I have an amazon s3 bucket that has tens of thousands of filenames in it. What\'s the easiest way to get a text file that lists all the filenames in the bucket?
Documentation for aws s3 ls
AWS have recently release their Command Line Tools. This works much like boto and can be installed using sudo easy_install awscli
or sudo pip install awscli
Once you have installed, you can then simply run
aws s3 ls
Which will show you all of your available buckets
CreationTime Bucket
------------ ------
2013-07-11 17:08:50 mybucket
2013-07-24 14:55:44 mybucket2
You can then query a specific bucket for files.
Command:
aws s3 ls s3://mybucket
Output:
Bucket: mybucket
Prefix:
LastWriteTime Length Name
------------- ------ ----
PRE somePrefix/
2013-07-25 17:06:27 88 test.txt
This will show you all of your files.
You can list all the files, in the aws s3 bucket using the command
aws s3 ls path/to/file
and to save it in a file, use
aws s3 ls path/to/file >> save_result.txt
if you want to append your result in a file otherwise:
aws s3 ls path/to/file > save_result.txt
if you want to clear what was written before.
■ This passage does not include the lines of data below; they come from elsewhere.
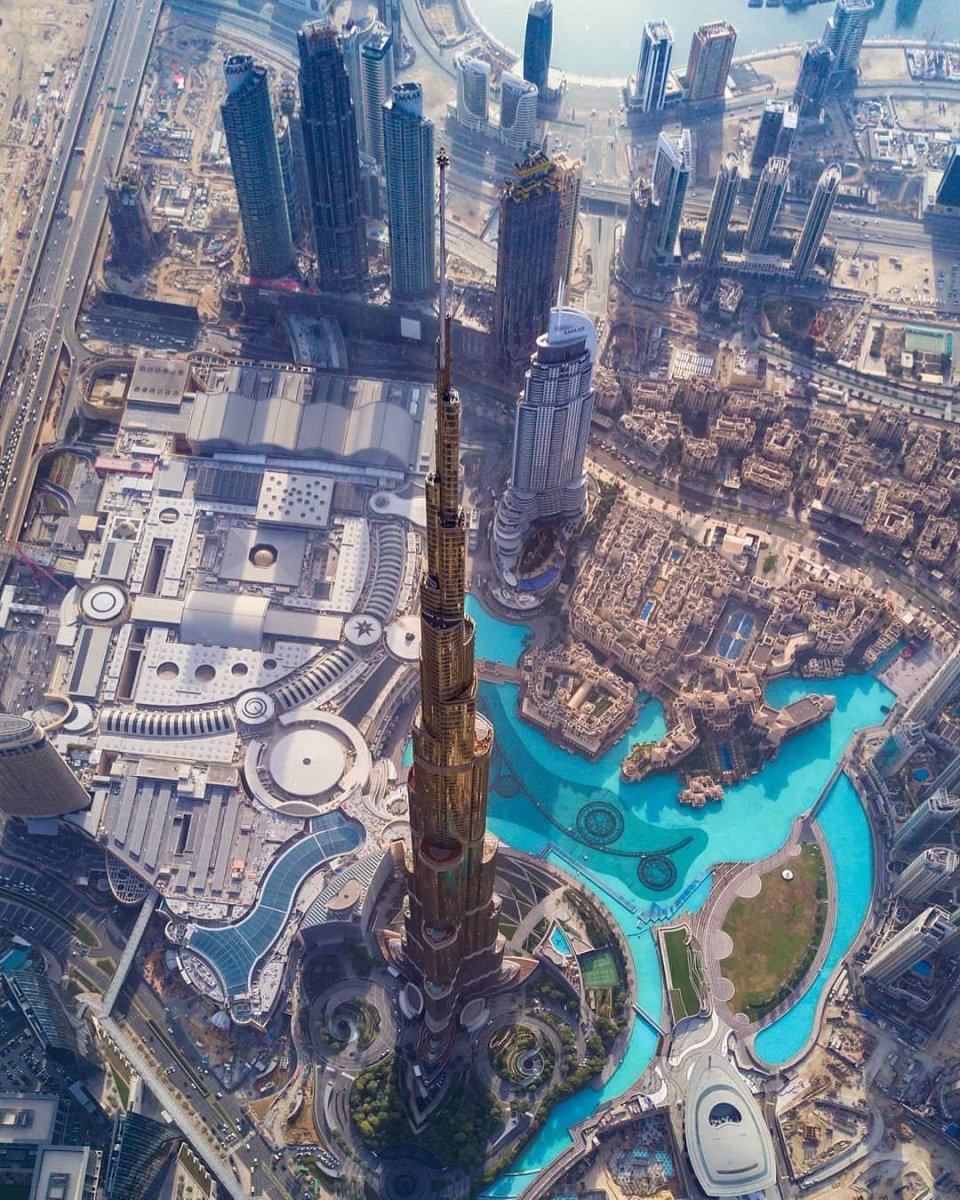 Дубай башня Бурдж Халифа вид сверху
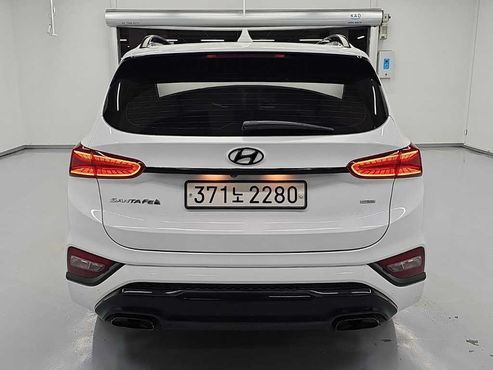 Hyundai Santafe Diesel 2,0 4WD Inspiration — пробег 104 497 км — фото 4 из 5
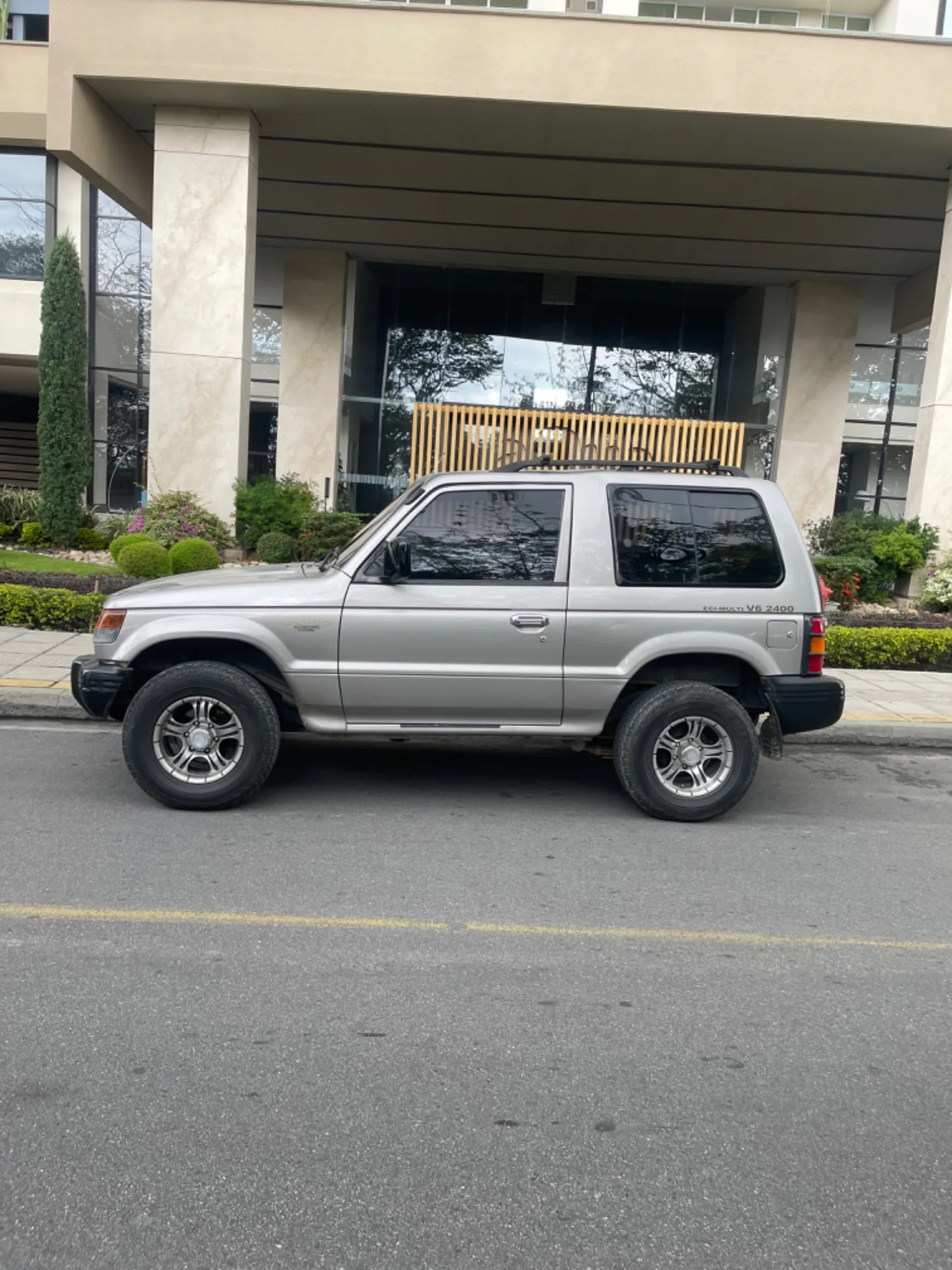 Mitsubishi Montero Hardtop 2006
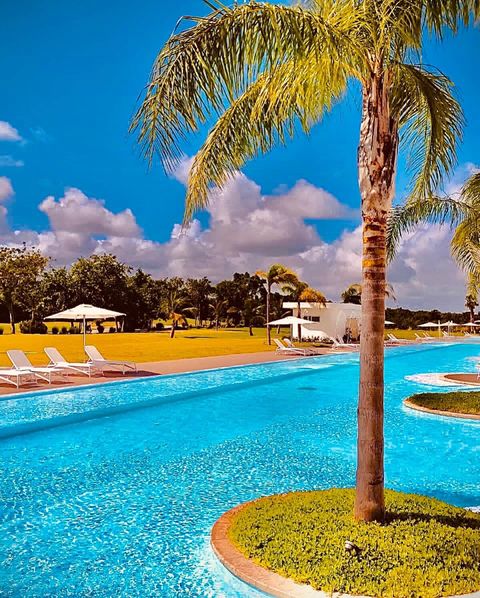 Piscina del condominio. Tipo infinity con vista al campo de golf.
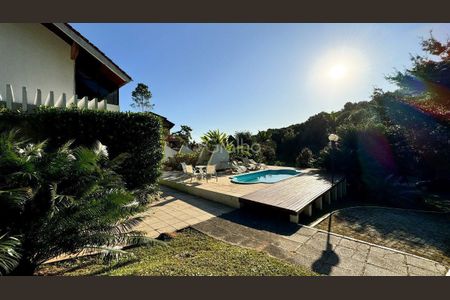 46_photo/95273891bf.597fe7fdc9850daf-ATLAS-a0bae116-134b-4cf9-bfad-edbff1b3b68c.jpg de casa à venda com 4 quartos, 358m² em Itacorubi, Florianópolis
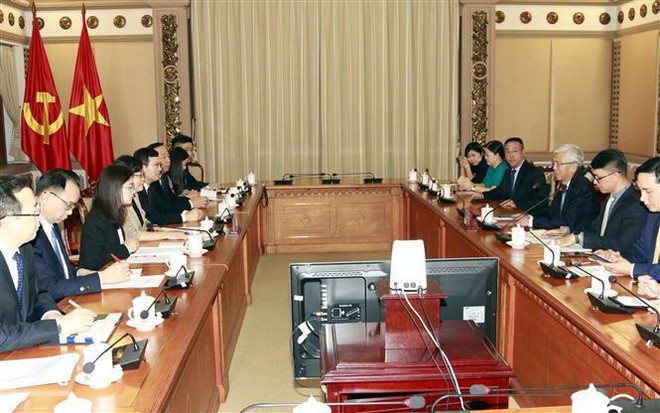 胡志明市深化与中国重庆市的合作关系 ảnh 2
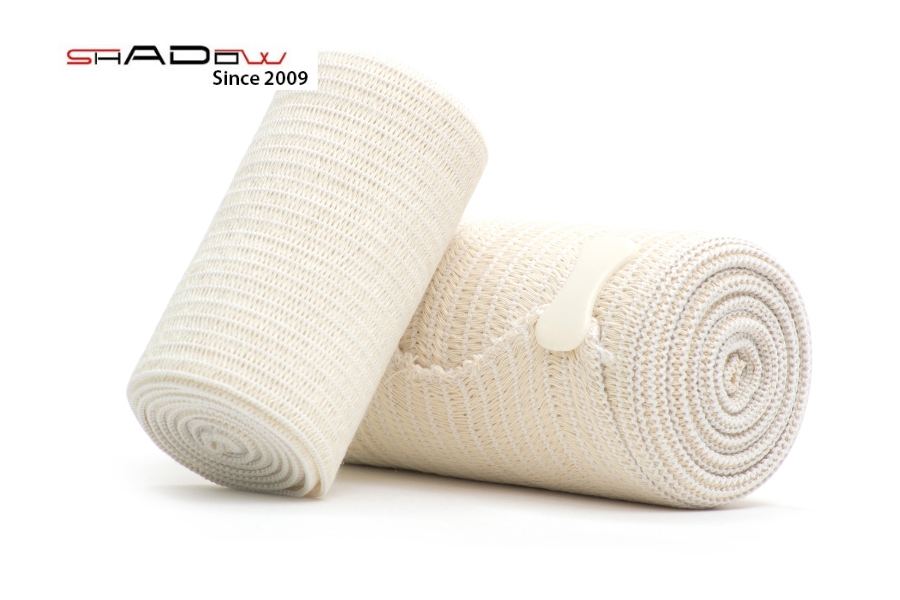 Băng gạc và găng tay y tế là hai vật dụng không thể thiếu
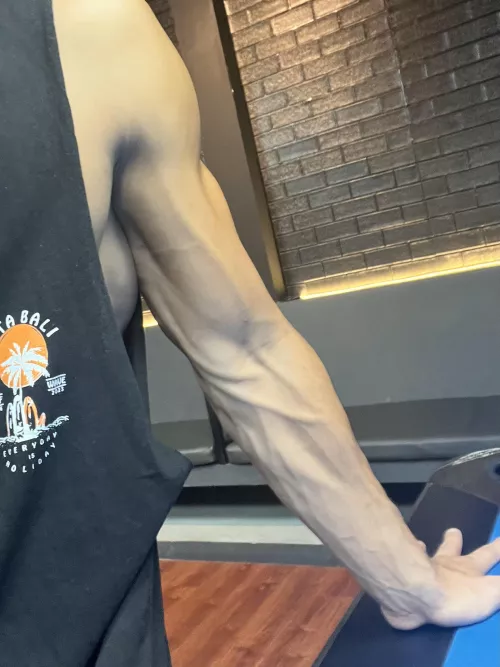 Let’s have a game of pool ;) I’ll lift you up with my strong arms if you win 🫢🫢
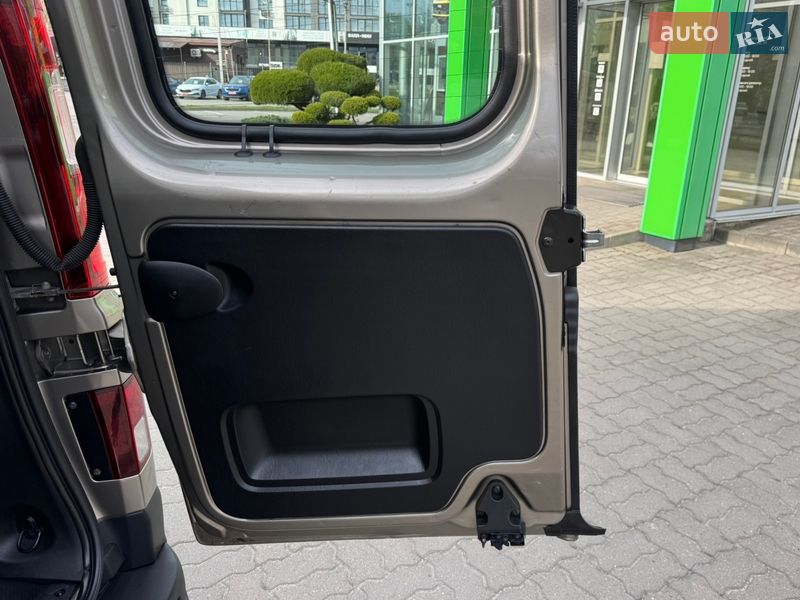 Мінівен Renault Trafic 2017 в Луцьку фото 60 Мінівен Renault Trafic 2017 в Луцьку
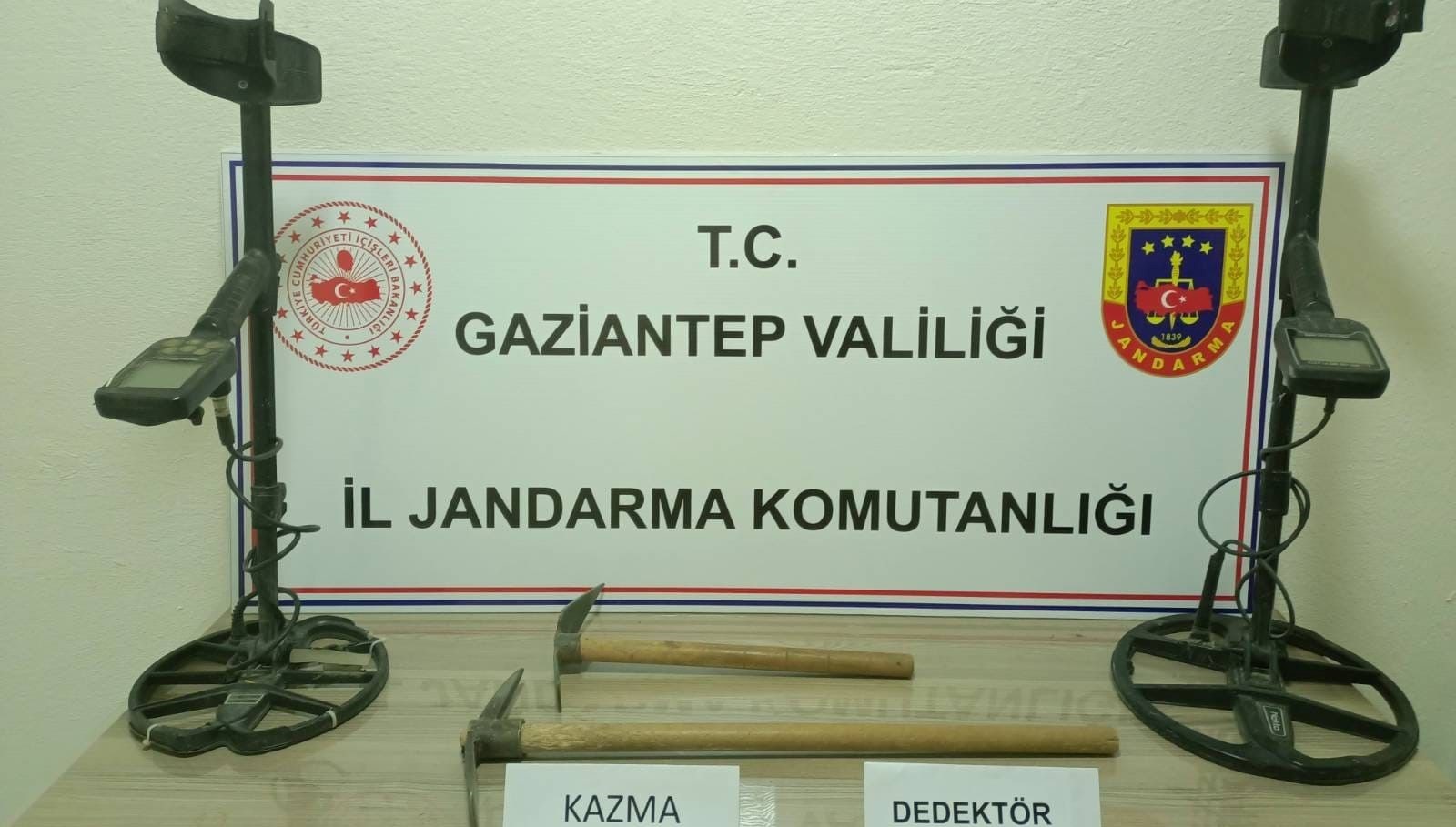 Kaçak kazıya jandarma operasyonu: 2 kişi yakalandı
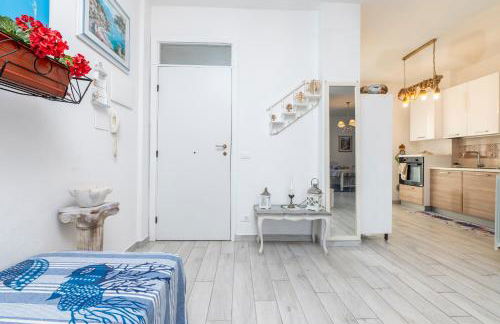 281 - Casa Bouganville Sestri Levante, 12minuti a piedi dal Mare e dal Centro - Foto 8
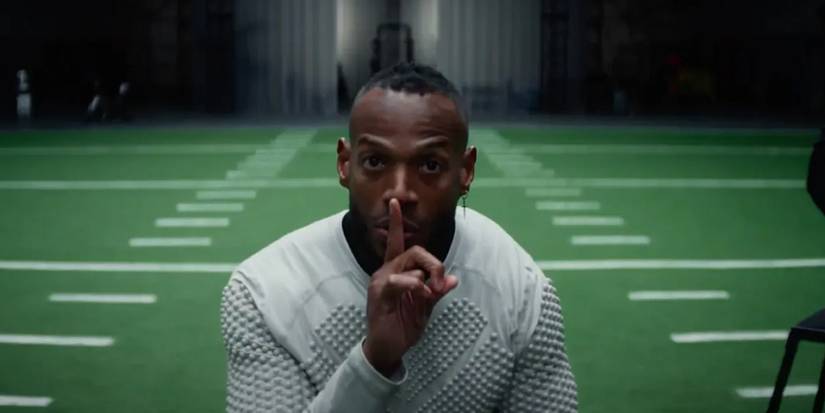 Марлон Уэйнас на футбольном поле в фильме "Him".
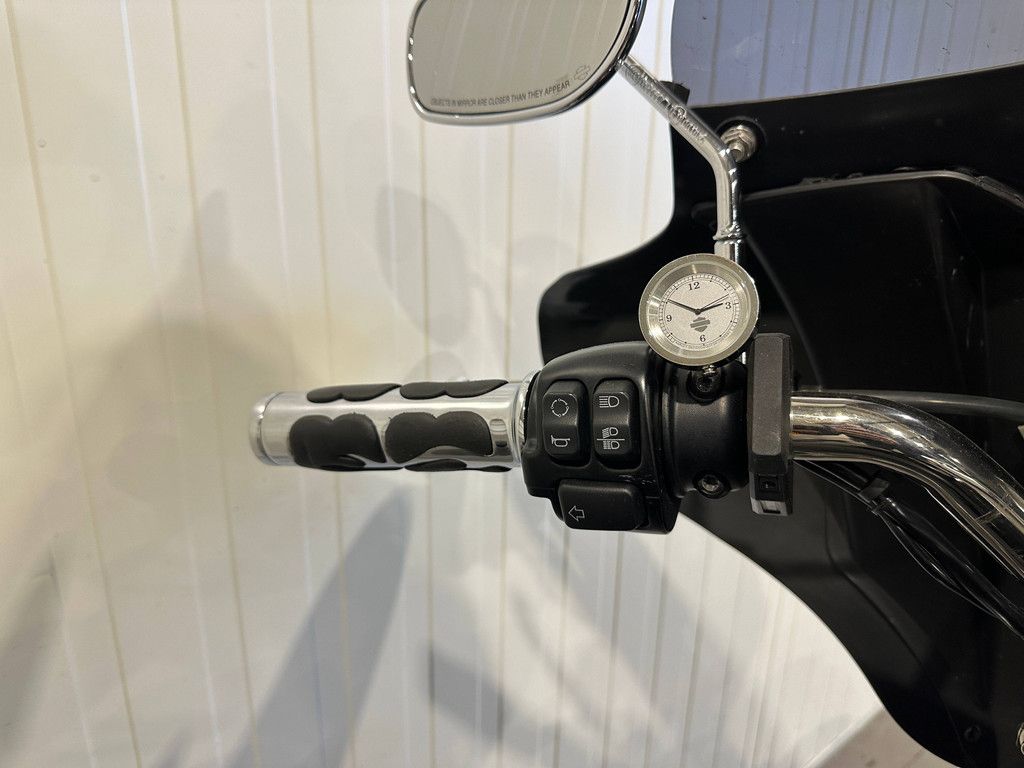 Motorrad Harley-Davidson Chopper XL 1200T Superlow Benzin 2017 (Margin)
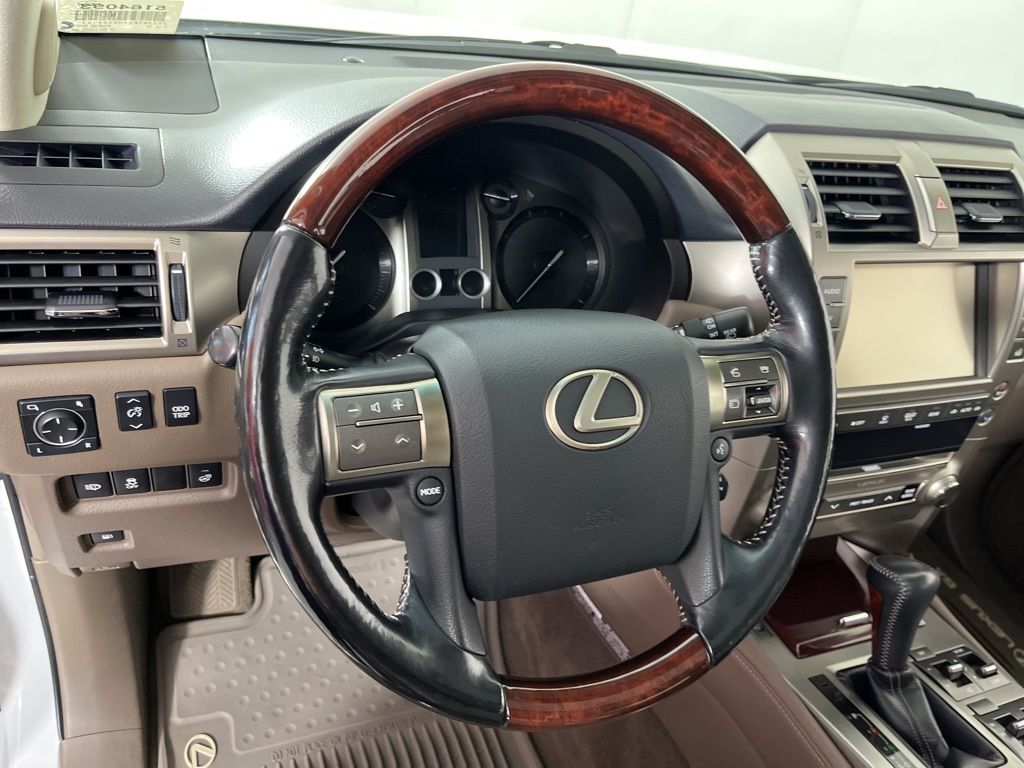 Thumbnail: 2017 Lexus GX - 29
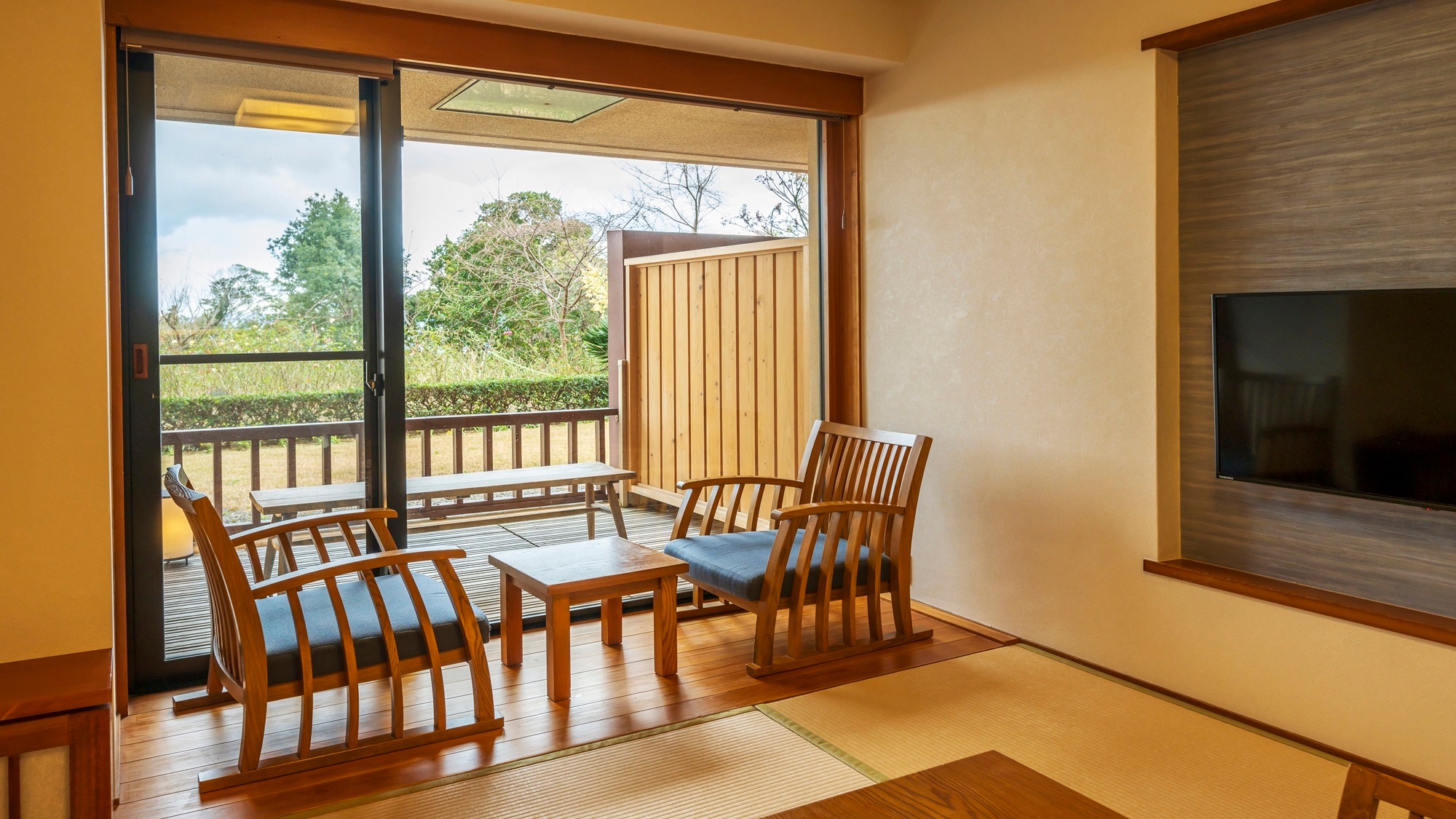 [Nami no Sho/Japanese-Western style room/view: garden/boiled water]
It will work both in windows and Linux.
Be carefull, amazon list only returns 1000 files. If you want to iterate over all files you have to paginate the results using markers :
In ruby using aws-s3
bucket_name = 'yourBucket'
marker = ""
AWS::S3::Base.establish_connection!(
:access_key_id => 'your_access_key_id',
:secret_access_key => 'your_secret_access_key'
)
loop do
objects = Bucket.objects(bucket_name, :marker=>marker, :max_keys=>1000)
break if objects.size == 0
marker = objects.last.key
objects.each do |obj|
puts "#{obj.key}"
end
end
end
Hope this helps, vincent
function showUploads(){
if (!class_exists('S3')) require_once 'S3.php';
// AWS access info
if (!defined('awsAccessKey')) define('awsAccessKey', '234567665464tg');
if (!defined('awsSecretKey')) define('awsSecretKey', 'dfshgfhfghdgfhrt463457');
$bucketName = 'my_bucket1234';
$s3 = new S3(awsAccessKey, awsSecretKey);
$contents = $s3->getBucket($bucketName);
echo "<hr/>List of Files in bucket : {$bucketName} <hr/>";
$n = 1;
foreach ($contents as $p => $v):
echo $p."<br/>";
$n++;
endforeach;
}
Alternatively you can use Minio Client aka mc. Its Open Source and compatible with AWS S3. It is available for Linux, Windows, Mac, FreeBSD.
All you have do do is to run mc ls command for listing the contents.
$ mc ls s3/kline/ [2016-04-30 13:20:47 IST] 1.1MiB 1.jpg [2016-04-30 16:03:55 IST] 7.5KiB docker.png [2016-04-30 15:16:17 IST] 50KiB pi.png [2016-05-10 14:34:39 IST] 365KiB upton.pdf
Note:
Installing Minio Client Linux Download mc for:
$ chmod 755 mc $ ./mc --help
Setting up AWS credentials with Minio Client
$ mc config host add mys3 https://s3.amazonaws.com BKIKJAA5BMMU2RHO6IBB V7f1CwQqAcwo80UEIJEjc5gVQUSSx5ohQ9GSrr12
Note: Please replace mys3 with alias you would like for this account and ,BKIKJAA5BMMU2RHO6IBB, V7f1CwQqAcwo80UEIJEjc5gVQUSSx5ohQ9GSrr12 with your AWS ACCESS-KEY and SECRET-KEY
Hope it helps.
Disclaimer: I work for Minio
Simplified and updated version of the Scala answer by Paolo:
import scala.collection.JavaConversions.{collectionAsScalaIterable => asScala}
import com.amazonaws.services.s3.AmazonS3
import com.amazonaws.services.s3.model.{ListObjectsRequest, ObjectListing, S3ObjectSummary}
def buildListing(s3: AmazonS3, request: ListObjectsRequest): List[S3ObjectSummary] = {
def buildList(listIn: List[S3ObjectSummary], bucketList:ObjectListing): List[S3ObjectSummary] = {
val latestList: List[S3ObjectSummary] = bucketList.getObjectSummaries.toList
if (!bucketList.isTruncated) listIn ::: latestList
else buildList(listIn ::: latestList, s3.listNextBatchOfObjects(bucketList))
}
buildList(List(), s3.listObjects(request))
}
Stripping out the generics and using the ListObjectRequest generated by the SDK builders.